The higher the Awarener score, the more bang you get for the buck. It measures how much genuine funds the company generates for the stock price paid (Average), the business stability (Lacking) and growth (Very good), and the company's inclination to return cash to the stockholders (Poor).

Note: All scores range from 1 (worst) to 10 (best). Conclusions are updated daily with closing stock prices and new reported quarterly financial statements.

Revenue score: 6.0

  • Business has been growing at a very good pace. It's been encouraging in relation to peer companies.
  • Cohu, Inc. business shows some variation, there's some risk. It looks better than most rivals.

Margins score: 6.0

  • COHU profit margins -on goods and services sold- are usually good. They stand somewhat worse than rival companies.
  • Business profit on sales tends to be good. It's below average when measured against competitors.
  • Profits on sales made -available to repay debt and purchase properties- are usually sufficient. They remain lacking compared to peers.
  • Earnings -before income taxes and interests on loans taken- tend to be hardly sufficient in relation to total revenues.
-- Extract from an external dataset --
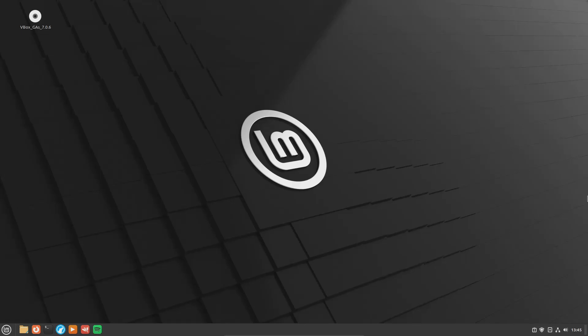Welcome everyone to this video. Today I'm going to walk you through how to fully remove applications and programs off of Linux Mint.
They're still mediocre against similar companies.
  • Profits -before income taxes- are usually sufficient considering total sales, and remain weak when measured against rivals.
  • Total net profit tends to be hardly sufficient when confronted to sales. Company stands weak when measured against comparable firms.

Growth score: 2.0

  • Cohu, Inc. profit -on goods and services sold- has been growing at a very good pace. It's been a slight improvement compared to competitors.
  • In recent years, the firm hasn't always been able to profit from operations, which has been bottom tier against comparable firms.
  • In past years, the company couldn't always turn a profit -available to repay debt and purchase properties-, which compares last-in-rank when measured against peer enterprises.
  • In the previous years, the firm couldn't always make a profit -before income taxes and interests on loans taken-. It turns to be a disappointment compared to similar stocks.
  • In past years, at least once the company lost money -before income taxes-. It was bottom tier against rivals.
  • In the previous years, the firm had at least a total net loss, and last-in-rank when measured against peer companies.
  • The company lost money at least once in the past years. It's been a disappointment compared to industry peers.

Miscellaneous score: 7.0

  • COHU had hardly to pay income taxes in relation to profits made in the past years. It's been slightly better than peers.
  • Research and development expenses consume a low portion of revenues. It's almost average when measured against competitors.
  • The company shows business growth in relation to research and development efforts. It stands rather normal in relation to rival companies.

Profitability score: 5.8

  • Cohu, Inc. usually gets good returns on the resources it controls. It proves weak when measured against peer firms.
  • The company normally gets hardly sufficient proceeds -on the resources directly invested in the business-. They remain in a weak position compared to similar companies.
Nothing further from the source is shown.